Barrett wrote to a colleague at the Pentagon to follow up on his idea. But he admitted one possible problem: “I am not sure that we have such battleflags or trophies.”
There is no more correspondence in the archival file containing Barrett’s gift idea. One might imagine he received a call from his contact in the Office of the Secretary of Defense confirming that, indeed, the United States had no Canadian battleflags in its possession. How could it? (According to Veterans Affairs, Canada’s chronological list of “Wars and conflicts” begins with the “South African War” in 1899.)
And yet the United States, to this day, does hold flags captured by United States forces in Canada.
In April 1813, American forces attacked the city of York (now Toronto) in Upper Canada. The attackers made off with the city’s Royal Standard. The large flag measures 35 feet by 25 feet (that is to say 10.668 metres x 7.62 metres) and is still held at the Museum of the United States Naval Academy.

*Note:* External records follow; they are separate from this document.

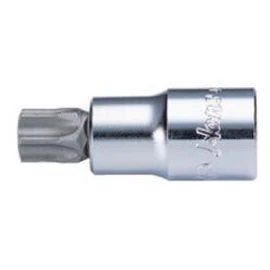 Z bit-dugókulcs fej 3/8 TX30 3024T30 HANS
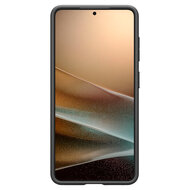 Spigen Liquid Air MagSafe Galaxy S26+ Plus&nbsp;hoesje zwart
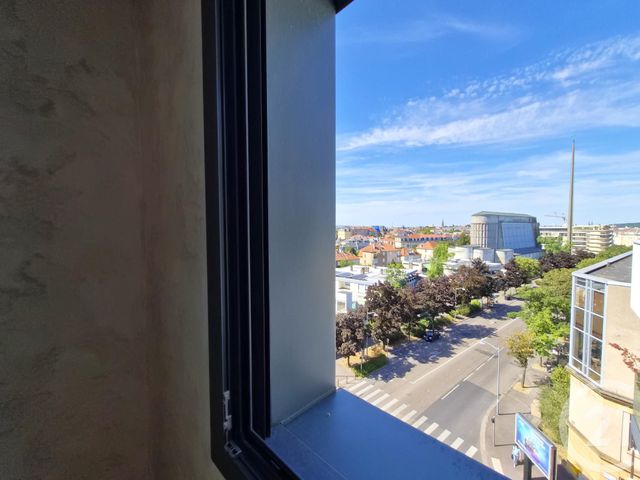 Appartement F2 à vendre - 2 pièces - 44.1 m2 - METZ - 57 - LORRAINE - Century 21 Immo Val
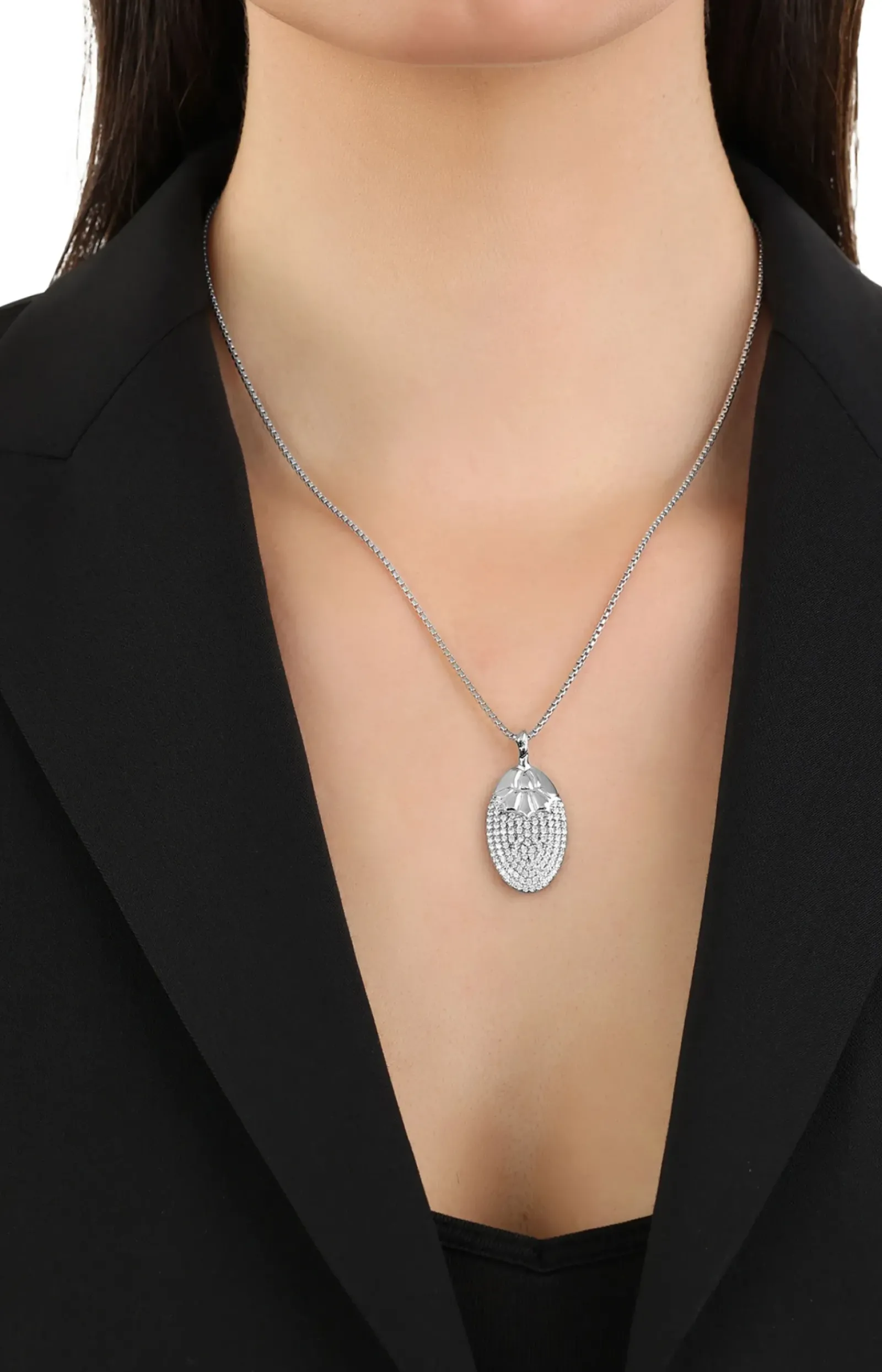 JOOP! Ketten|Schmuck>Halskette in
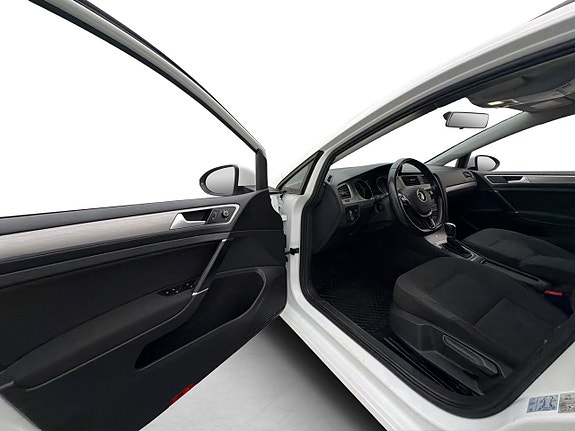 Volkswagen Golf I 30 of 30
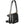Mario Valentino Black Polyethylene Women Handbag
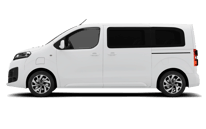 Citroën ë-SpaceTourer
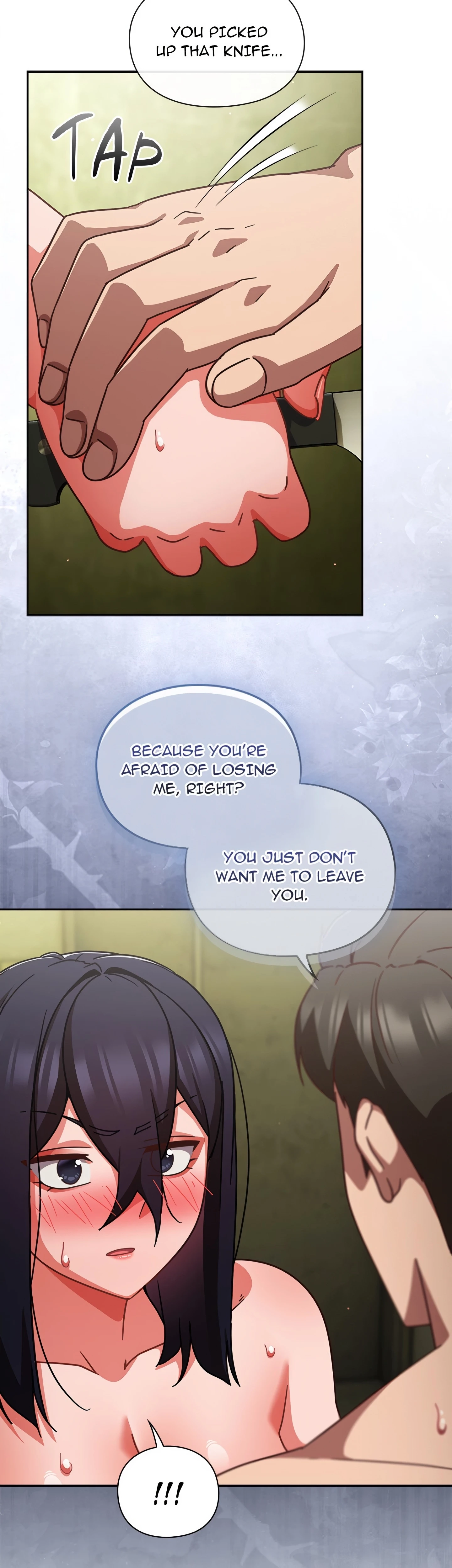Let's Play Hooky Chapter 48 page 40 -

Photo courtesy of the United States Naval Academy.
Among the other trophies kept by the Museum are several ships’ flags also captured during the War of 1812. (For more on the Royal Standard, including some photos past and present, see this blog post.)
Perhaps Barrett’s mind had drifted to this violent history of relations between the United States and British possessions in pre-Confederation Canada?

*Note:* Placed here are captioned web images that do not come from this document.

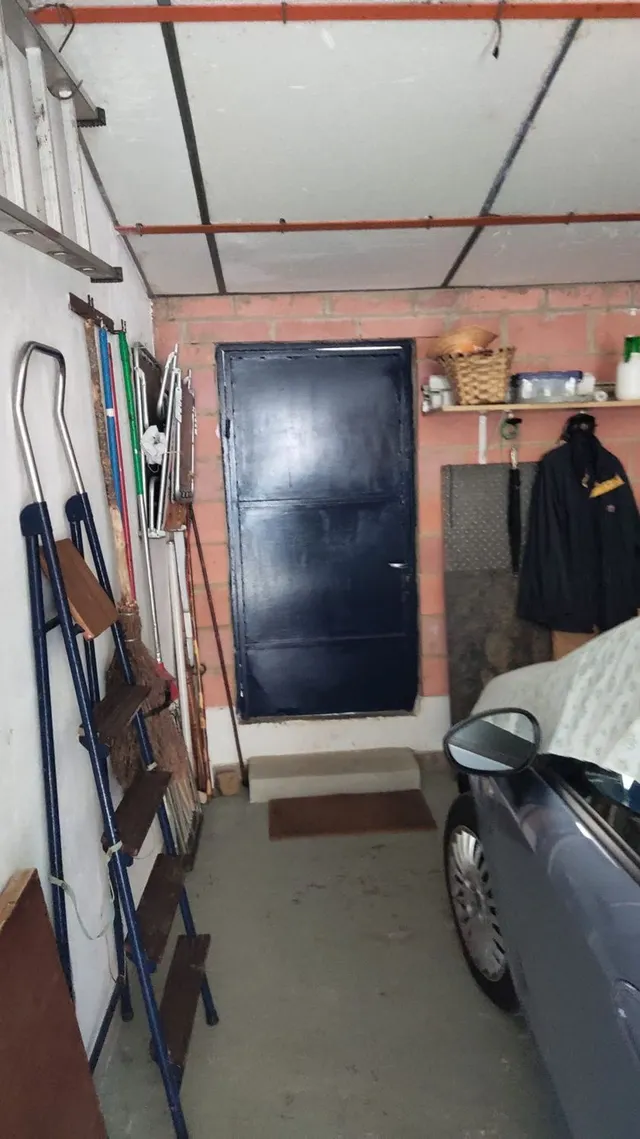 Casa independiente en venta en Oña con garaje, huerta y zona de barbacoa — 27
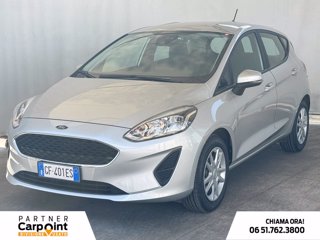 FORD Fiesta 5p 1.1 connect s&s 75cv my20.75 3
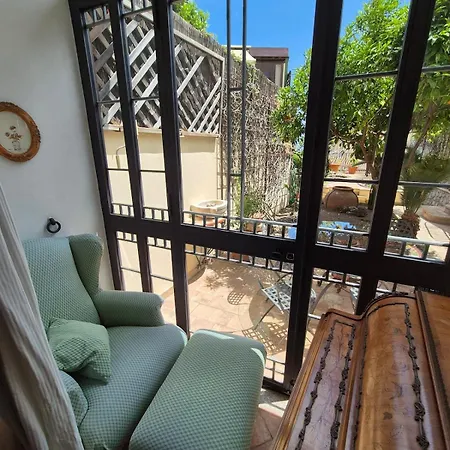 Casa Francesca Apartment *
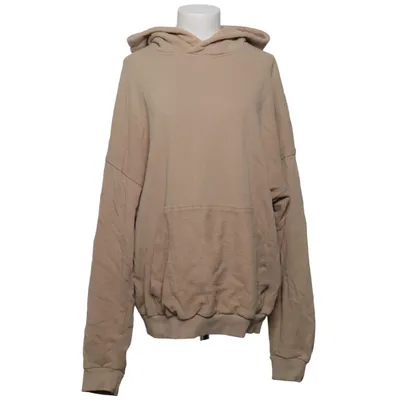 Sweat à capuche (Beige) de Rough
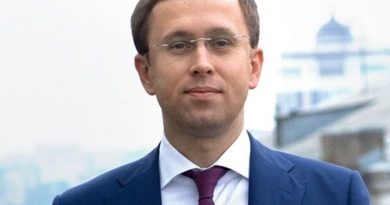 Корецкий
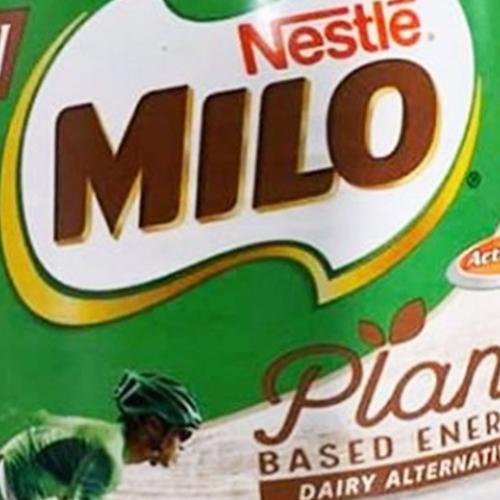 Milo Is The Latest Aussie Product To Go Vegan So Spoons At The Ready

Barrett’s note, while little more than a curious tidbit in the United States’ national archives, is illuminating on two accounts.

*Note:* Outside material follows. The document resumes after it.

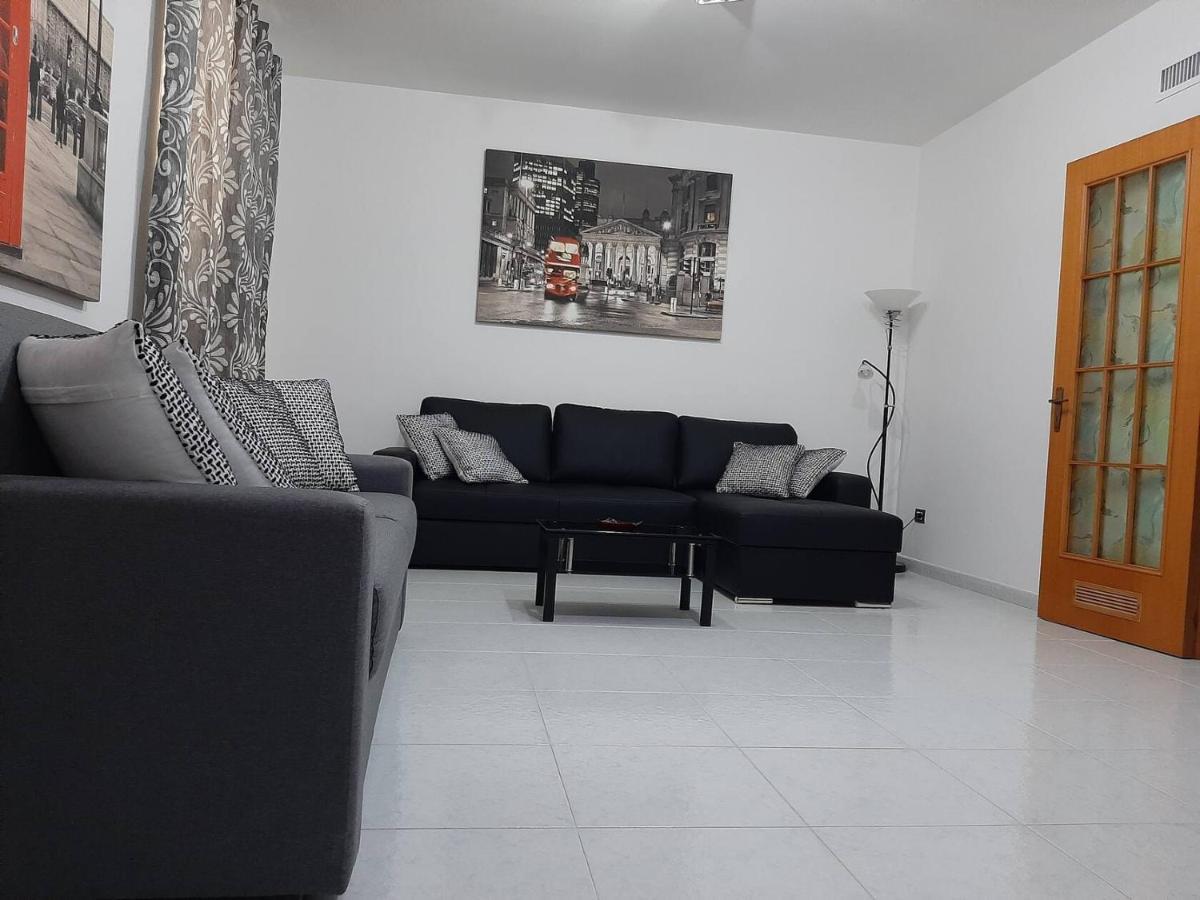 Colle Alto Pachino - Marzamemi Daire Dış mekan fotoğraf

First is Barrett’s observation that fear of the United States did contribute to the creation of Canada. (I’ve tried to put this point in context, recently, with an essay here.) Barrett, of course, was off on his chronology. Any time that American forces might have taken trophies in Canada would have occurred before Confederation, and even before the Militia Act of 1855. Trophies taken in the War of 1812 would not have been Canadian battleflags, but British ones. And such trophies were indeed taken and kept, just like the Royal Standard at the Naval Academy.
But this blurring of British history with the history of a federated Canada is instructive, too.
While is not clear whether Barrett or anyone at the Pentagon considered “returning” the Royal Standard to Canada, the gift would have been as welcome as a lump of coal.
Barrett’s idea came at a time of great worry about the future of Canada itself. Less than a year before Barrett penned his note, Prime Minister Lester Pearson told American diplomats that the “gravity of the crisis about French Canada could not be underestimated … [it was the] most difficult and dangerous issue with which his administration would have to deal.” The State Department’s memorandum of Pearson’s remarks noted that “He” - Pearson - “obviously believes that the Confederation is at stake.”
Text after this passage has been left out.